### LISTED ENTRIES
|---|

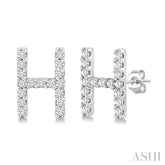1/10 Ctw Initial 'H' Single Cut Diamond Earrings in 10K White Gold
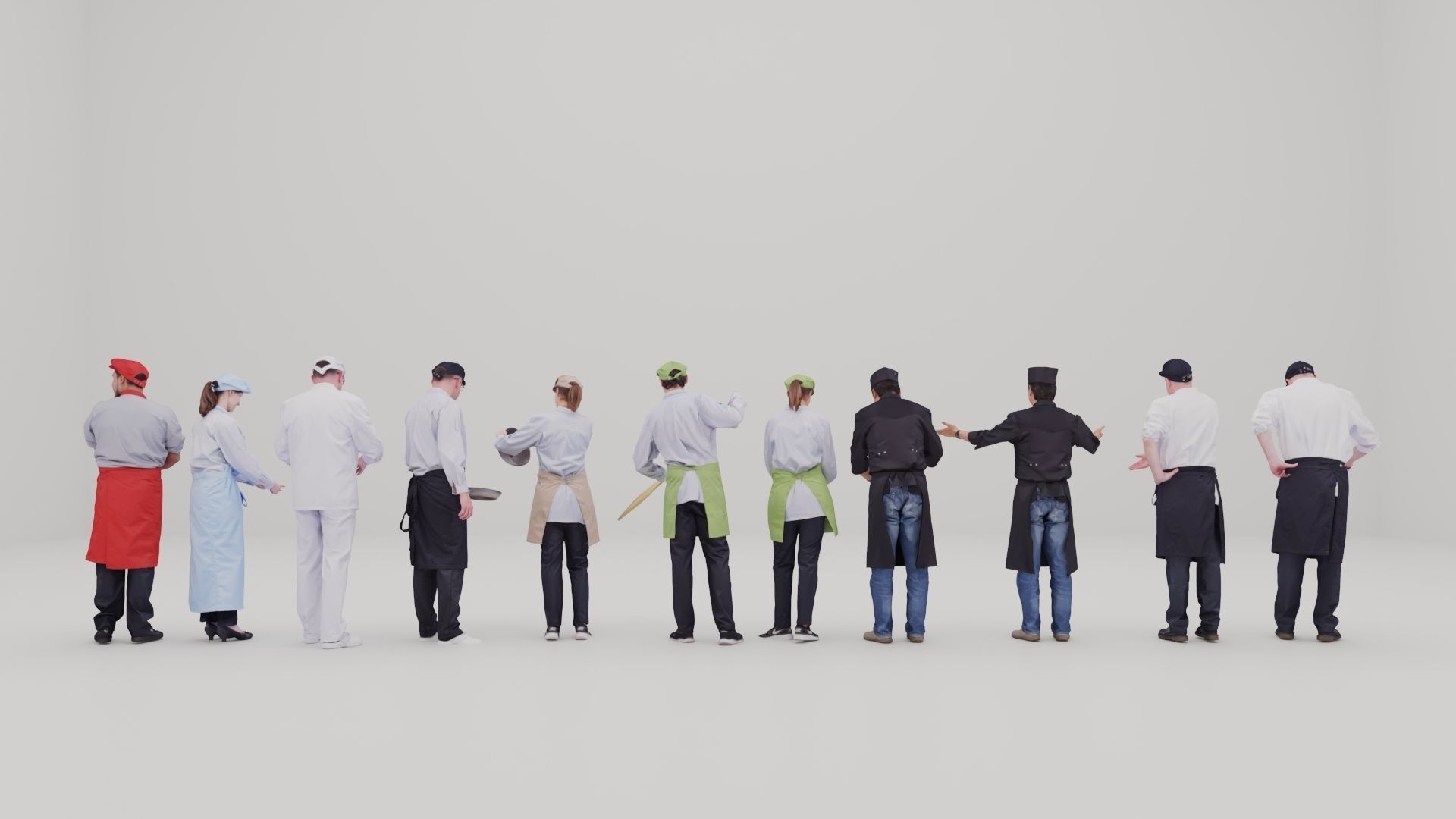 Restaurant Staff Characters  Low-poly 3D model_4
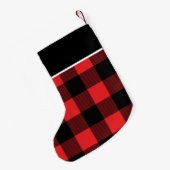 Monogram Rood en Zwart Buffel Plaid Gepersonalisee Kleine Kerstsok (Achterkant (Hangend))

|---|

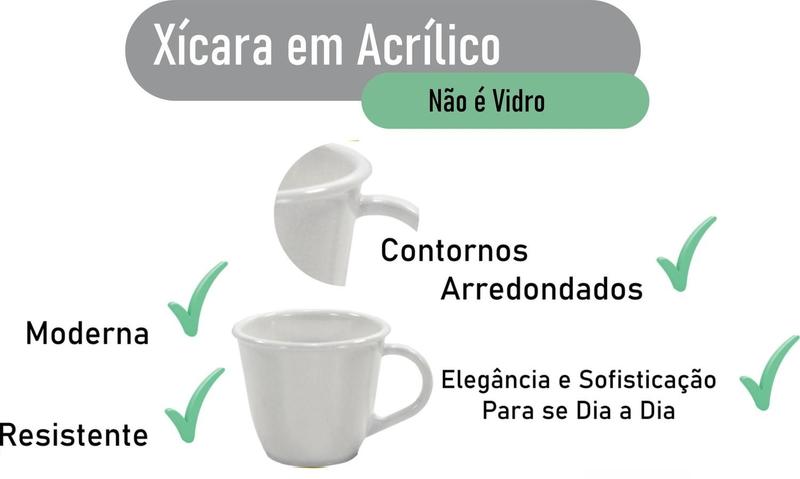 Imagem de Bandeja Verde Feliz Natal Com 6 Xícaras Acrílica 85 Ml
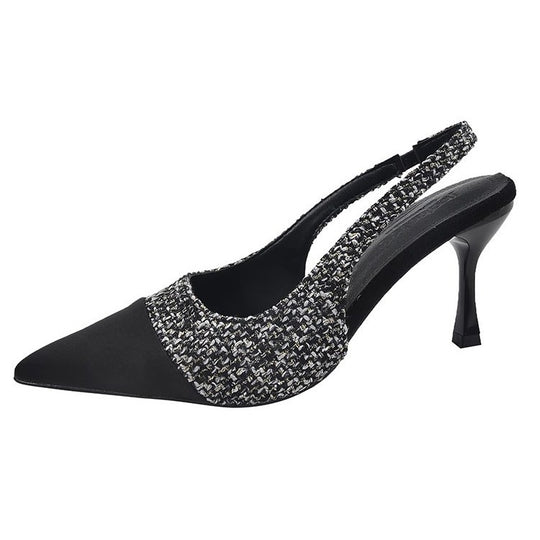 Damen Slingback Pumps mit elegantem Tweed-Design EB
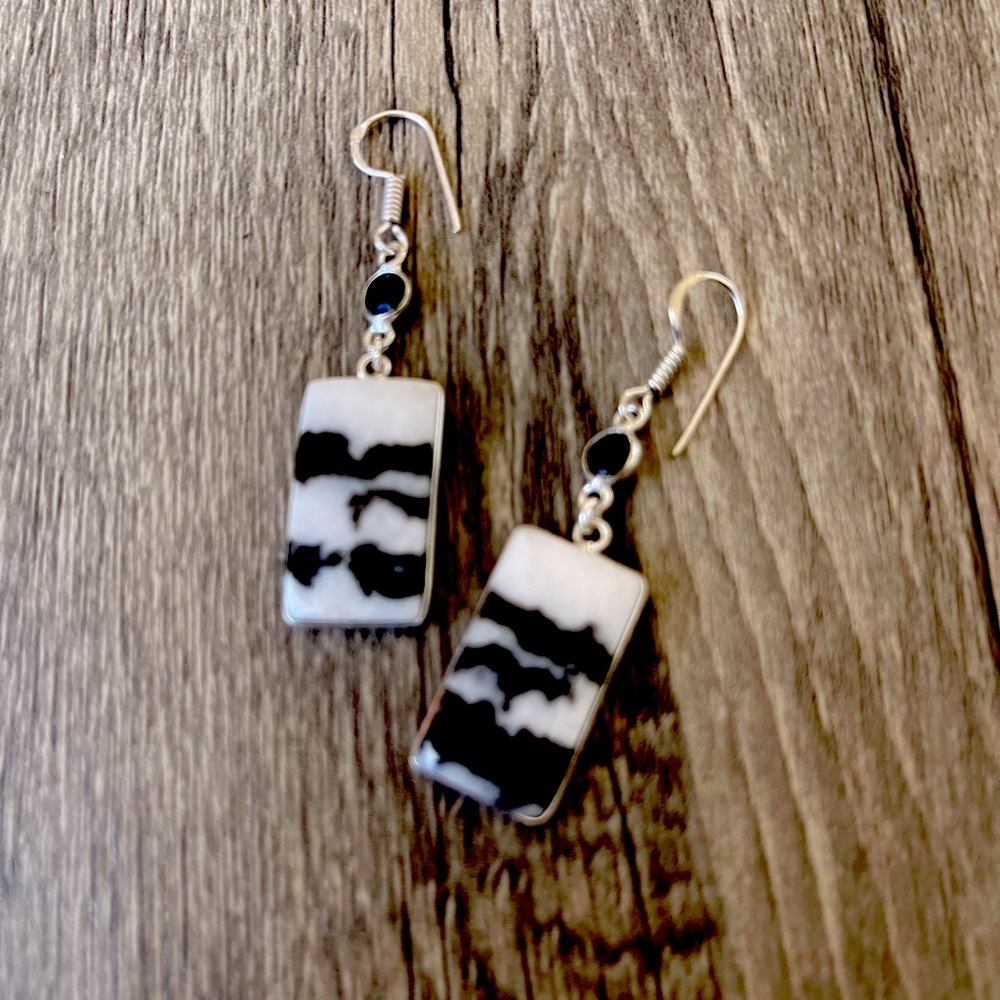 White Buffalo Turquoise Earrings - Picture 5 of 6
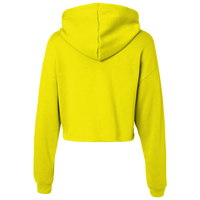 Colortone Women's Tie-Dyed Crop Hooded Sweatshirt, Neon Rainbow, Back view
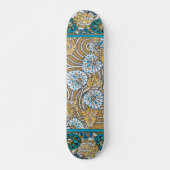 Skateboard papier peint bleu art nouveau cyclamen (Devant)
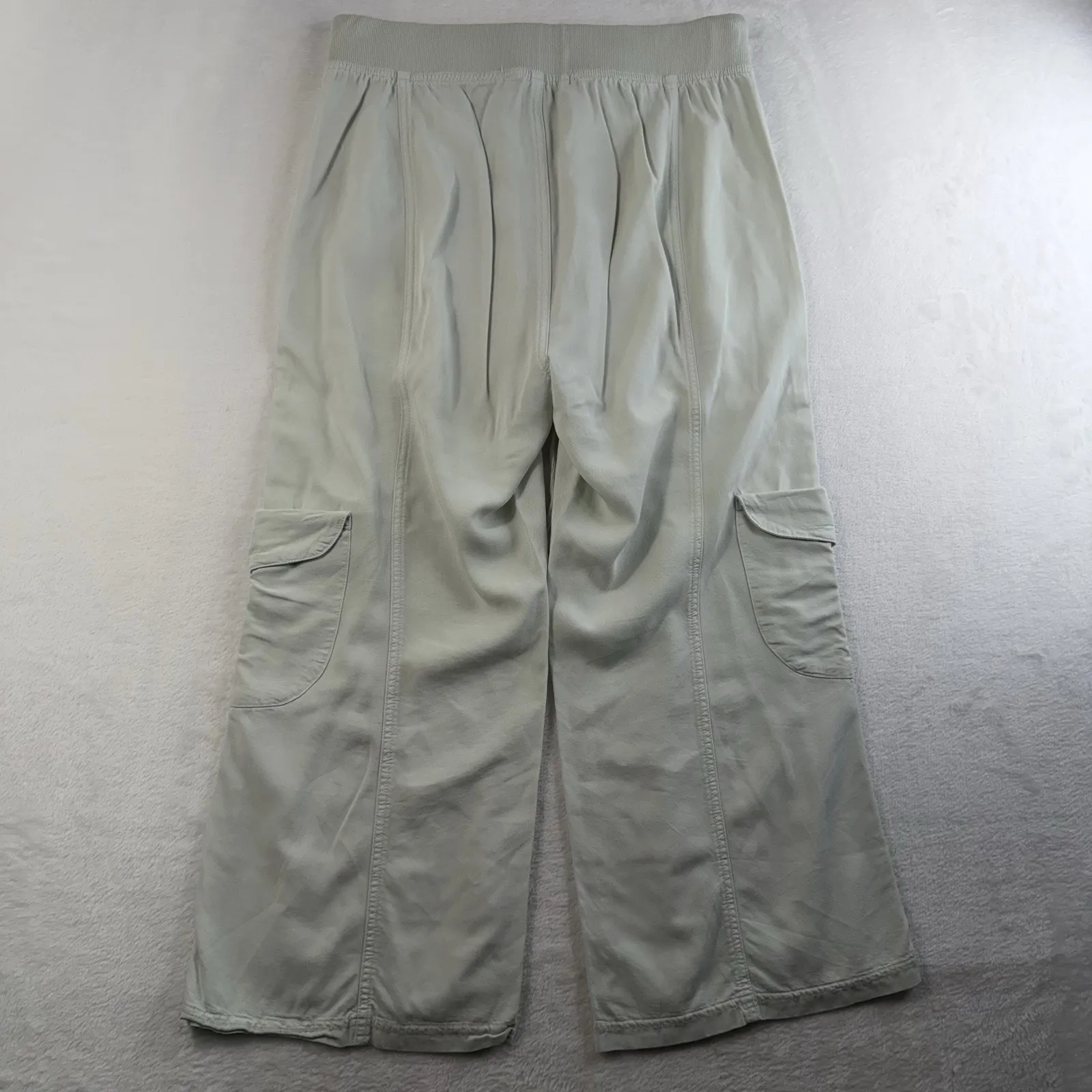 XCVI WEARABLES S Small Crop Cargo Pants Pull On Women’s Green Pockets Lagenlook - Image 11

|---|

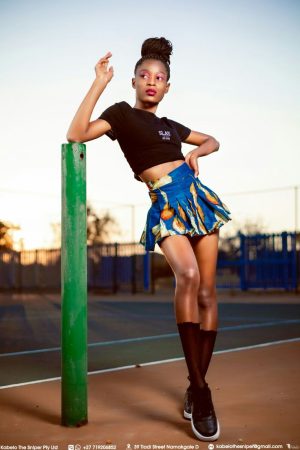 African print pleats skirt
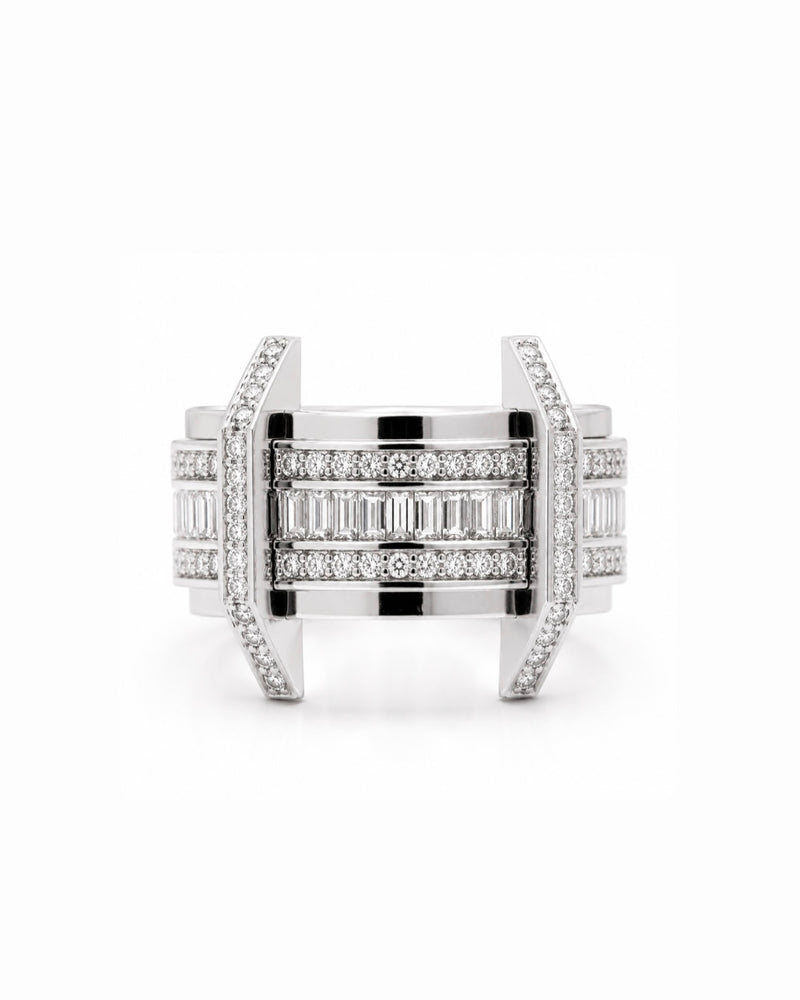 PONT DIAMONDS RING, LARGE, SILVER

|---|

### WHAT THIS TASK INVOLVES
Output exactly, and only, the lines of the entries above from the one with "White Buffalo Turquoise" up to and including the one with "XCVI WEARABLES S"; pictures are to be left out.

### RESPONSE AREA
 White Buffalo Turquoise Earrings - Picture 5 of 6
 Colortone Women's Tie-Dyed Crop Hooded Sweatshirt, Neon Rainbow, Back view
 Skateboard papier peint bleu art nouveau cyclamen (Devant)
 XCVI WEARABLES S Small Crop Cargo Pants Pull On Women’s Green Pockets Lagenlook - Image 11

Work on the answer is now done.